A la vez, un hilo conductor que a manera de acertijos tientan con su fantasmagoría a esos intercambios de rupestre interpretación psicoanalítica, muy lejos de los genuinos valores estimativos que asociamos entre nuestro ropaje y sucesos entrañables o significativos.

No obstante, en esas latitudes no debe confundirse con la perturbadora creencia de que hay objetos que tienen un poder especial, que sería una superstición o derivaciones fetichistas, conductas que por cierto el budismo desecha contundentemente y afirmando que sólo el ser humano tiene un valor inherente, mas no una corbata, sombrero, revista o cualquier artículo de que se trate. Pienso entonces en el ejemplo de una reina que no añade nada a ella por más abigarrada o barroca que sea su vestimenta, o a la Venus de Milo, si acaso ligeramente estorbada su belleza por la levedad de una túnica…y mejor de bikinis ni hablamos.

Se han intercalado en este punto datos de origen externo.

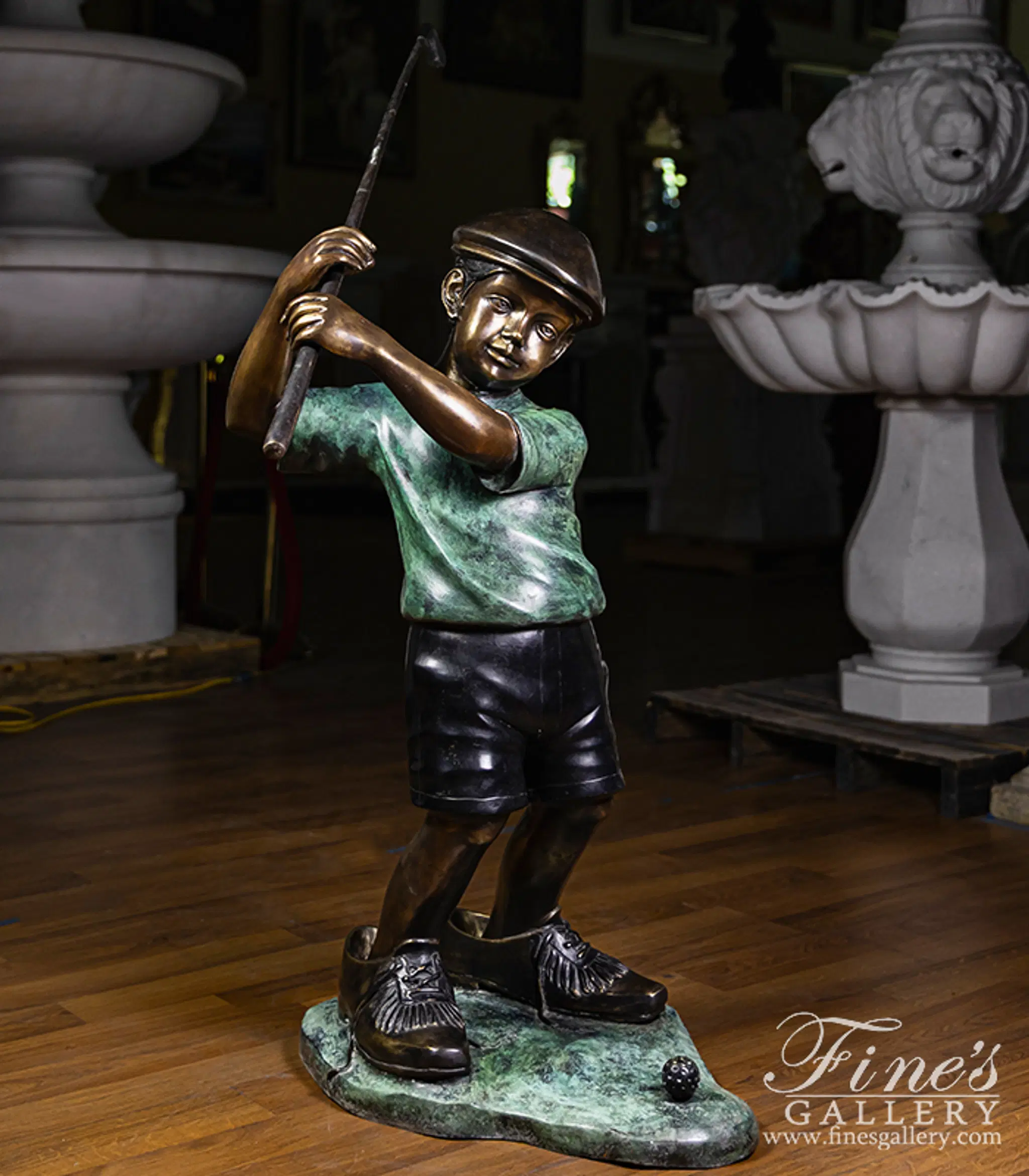 "In Dads Shoes" Bronze Golf Themed Statue — Model BS-1743 — detail view 5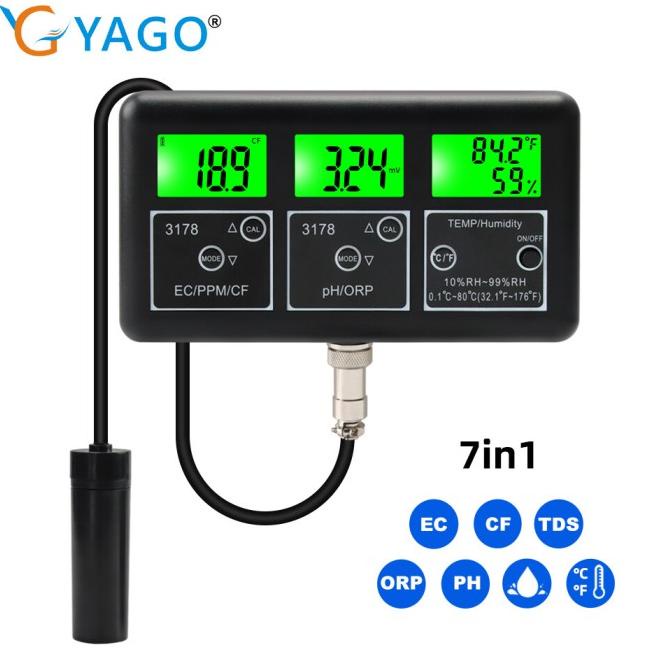 Z New Rcyago Yy-3178 7 In 1 Monitor Air Orp Ph Tds Meter Ec Cf Tempera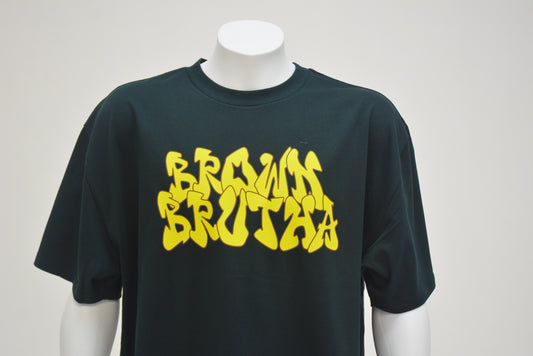 Brown Brutha Heavy Tee  UTMB Green - Yellow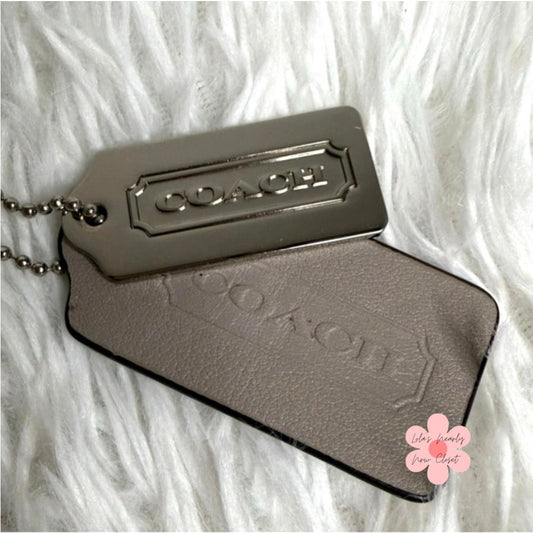 2" Gray 1.5" Silver COACH Set Legacy Fob Bag Charm Hang tag Hangtag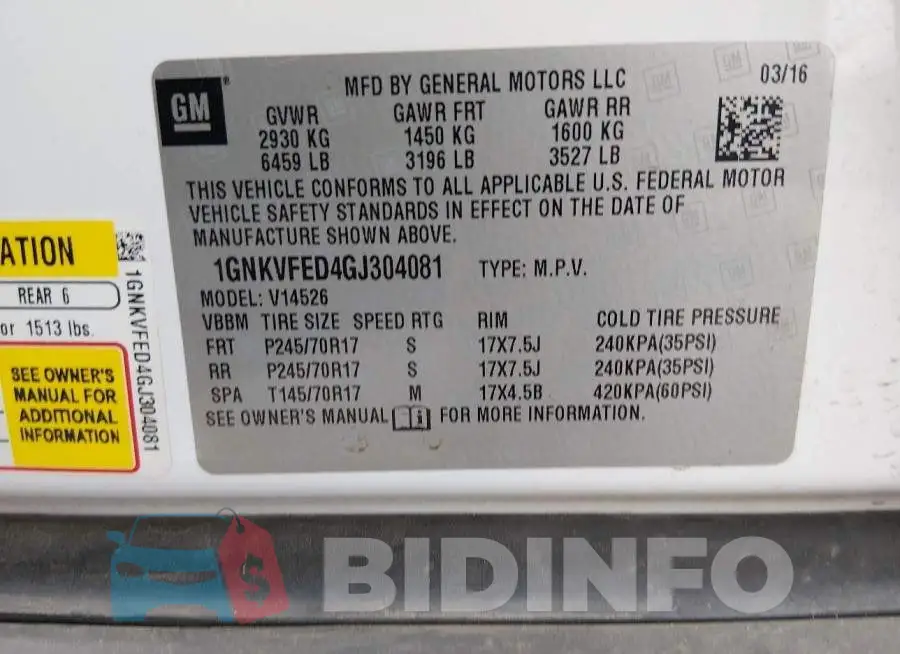 1GNKVFED4GJ304081 Photo# 9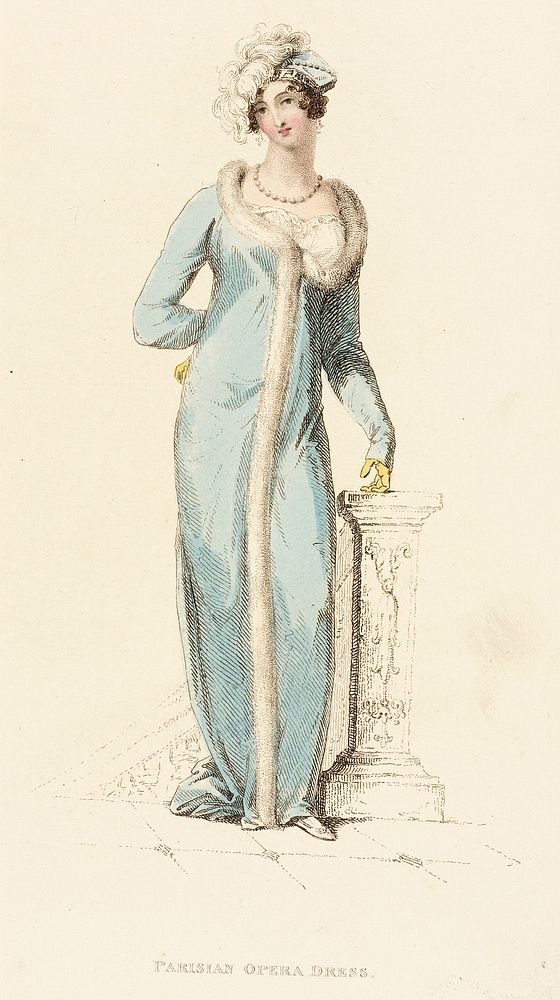 Fashion Plate, 'Parisian Opera Dress' for 'The Repository of Arts' by Rudolph Ackermann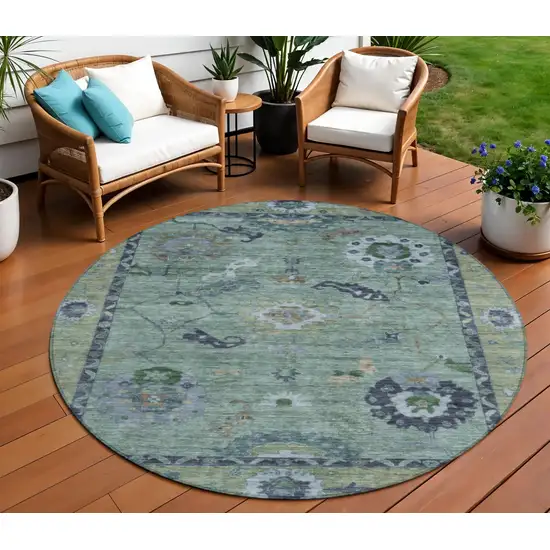 8' Green And Blue Round Floral Medallion Washable Indoor Outdoor Area Rug Photo 1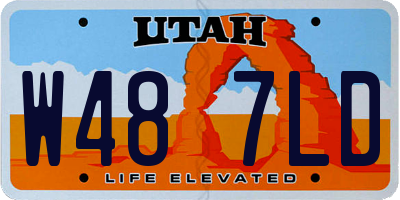 UT license plate W487LD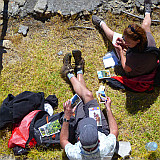 Insel: Santo Antão  Wanderweg: 104 Ort: Pico da Cruz Gudo de Banderola Motiv: Postkarten schreiben Motivgruppe: People Recreation © Pitt Reitmaier www.Cabo-Verde-Foto.com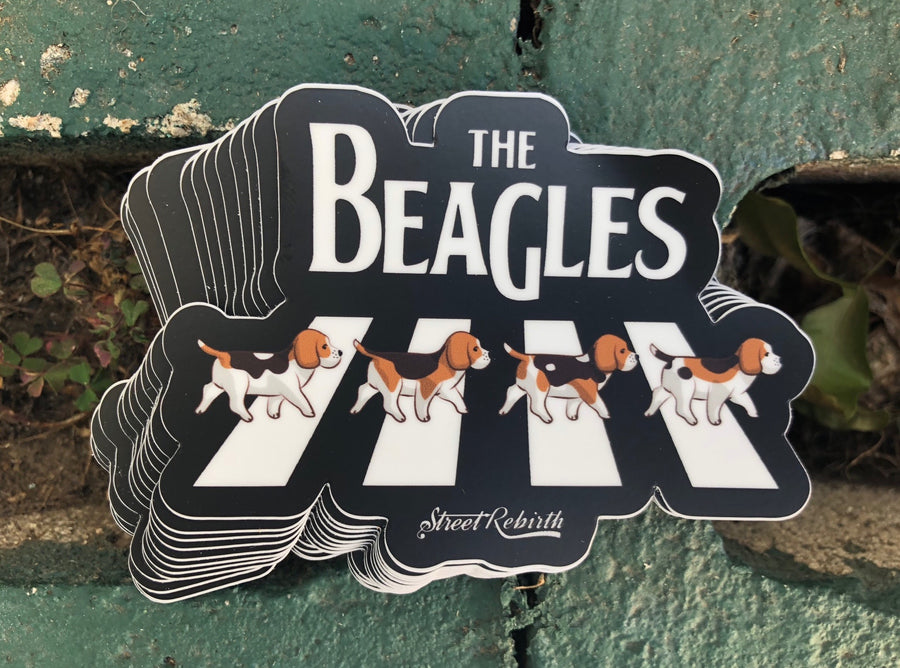 Waterproof vinyl sticker featuring an original music humorous illustration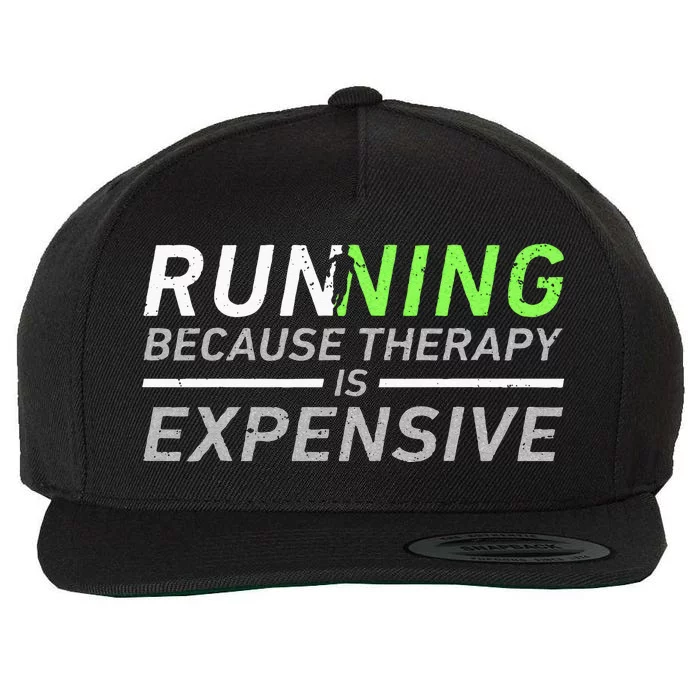 Running Therapy Funny Marathon Racer Runner Run Humor Outfit Wool Snapback Cap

Por fortuna, la razón nos alerta en automático frente a cualquier decadente  rito mágico o colgajo de amuletos , a fin de dejar a salvo en el nicho de la memoria recuerdos fraternales.

Pero más allá de la literatura infantil o el cómic, cada uno de nosotros, tal cual lo sostiene Ortega y Gasset, responde al “Yo y mi circunstancia”, que asimismo estimo blinda esos escondrijos amorosos y entrañables en el catálogo memorioso, ya endulzados o archivados en la franja de lo agridulce, así sea una bufanda, bolsa, collar o aretes, que un cinturón, tenis y hasta un amarre en la muñeca.

En lo personal, cito brevemente unas cuantas prendas que quedaron archivadas en mi emoción, aunque sin el ánimo de fútiles intercambios psicoanalíticos: aquella indumentaria de vaquero que en  mi niñez apareció bajo el árbol, navideño; el inolvidable reloj cuando cumplí  medio siglo de vida obsequiado por quien era mi esposa (de la que lamentablemente enviudé)y  mis maravillosos hijas e hijas, así como sus manualidades elaboradas en la escuela como regalos en fechas conmemorativas,  llenas de ternura y cariño; una camiseta de algodón, simulando un saco de esmoquin, en la que me enfundaba en las cenas de Navidad y Año Nuevo para eludir jocosamente las formalidades caseras de ponerme  un traje en esas celebraciones tan tradicionales; una corbata de diseño exclusivo, pletórica de amorosas manzanas trazadas a mano por Martha, mi gran compañera; y por qué  no, aludir a una especie de vestimenta intelectual, con libros y más libros…Ah, y un suéter de franjas blancas y amarillas, que adquirí con mi primer sueldo y a su vez provocó que mi novia de aquellos días me dijera que parecía un tigre, sin que yo lo creyera y menos sintiera convertirme en ese feroz felino, pues de haber deseado optar por un animal en las parcelas de la imaginería lúdica, hubiera preferido ser un águila porque volar es casi lo único que por sí mismo se le imposibilita a la condición humana, dicho todo esto con una caravana y sombrero en mano, para no desentonar.